* Problem *
Write out every line from the listing below where the string "zdjęcie" is found.
# # # # # # #
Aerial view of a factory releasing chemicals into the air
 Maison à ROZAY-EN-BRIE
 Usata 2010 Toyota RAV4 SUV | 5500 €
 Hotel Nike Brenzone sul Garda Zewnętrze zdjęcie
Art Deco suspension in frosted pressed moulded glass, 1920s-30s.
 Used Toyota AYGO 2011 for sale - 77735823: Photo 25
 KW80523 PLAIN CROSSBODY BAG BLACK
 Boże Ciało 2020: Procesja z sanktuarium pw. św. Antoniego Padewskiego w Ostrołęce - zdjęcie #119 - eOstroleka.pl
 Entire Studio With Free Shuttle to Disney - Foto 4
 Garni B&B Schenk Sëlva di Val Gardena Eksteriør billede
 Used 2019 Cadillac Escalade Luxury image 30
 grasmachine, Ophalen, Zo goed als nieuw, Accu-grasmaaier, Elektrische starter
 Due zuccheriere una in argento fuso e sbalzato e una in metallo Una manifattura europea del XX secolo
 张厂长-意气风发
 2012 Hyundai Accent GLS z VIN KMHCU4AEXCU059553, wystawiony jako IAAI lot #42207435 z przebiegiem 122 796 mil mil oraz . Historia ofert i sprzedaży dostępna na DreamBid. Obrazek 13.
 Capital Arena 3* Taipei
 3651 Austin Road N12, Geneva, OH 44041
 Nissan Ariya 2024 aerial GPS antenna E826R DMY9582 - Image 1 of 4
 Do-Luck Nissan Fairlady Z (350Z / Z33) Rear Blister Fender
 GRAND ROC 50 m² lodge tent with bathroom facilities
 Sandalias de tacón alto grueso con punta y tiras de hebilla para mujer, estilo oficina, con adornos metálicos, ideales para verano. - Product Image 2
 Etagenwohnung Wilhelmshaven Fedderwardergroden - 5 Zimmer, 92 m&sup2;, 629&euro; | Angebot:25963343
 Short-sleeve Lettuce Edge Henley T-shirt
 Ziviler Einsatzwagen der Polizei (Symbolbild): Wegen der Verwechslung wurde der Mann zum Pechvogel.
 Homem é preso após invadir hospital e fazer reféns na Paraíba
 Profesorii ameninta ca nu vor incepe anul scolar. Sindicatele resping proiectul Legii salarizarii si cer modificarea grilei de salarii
# # # # # # #
* Expected output *
 Hotel Nike Brenzone sul Garda Zewnętrze zdjęcie
 Boże Ciało 2020: Procesja z sanktuarium pw. św. Antoniego Padewskiego w Ostrołęce - zdjęcie #119 - eOstroleka.pl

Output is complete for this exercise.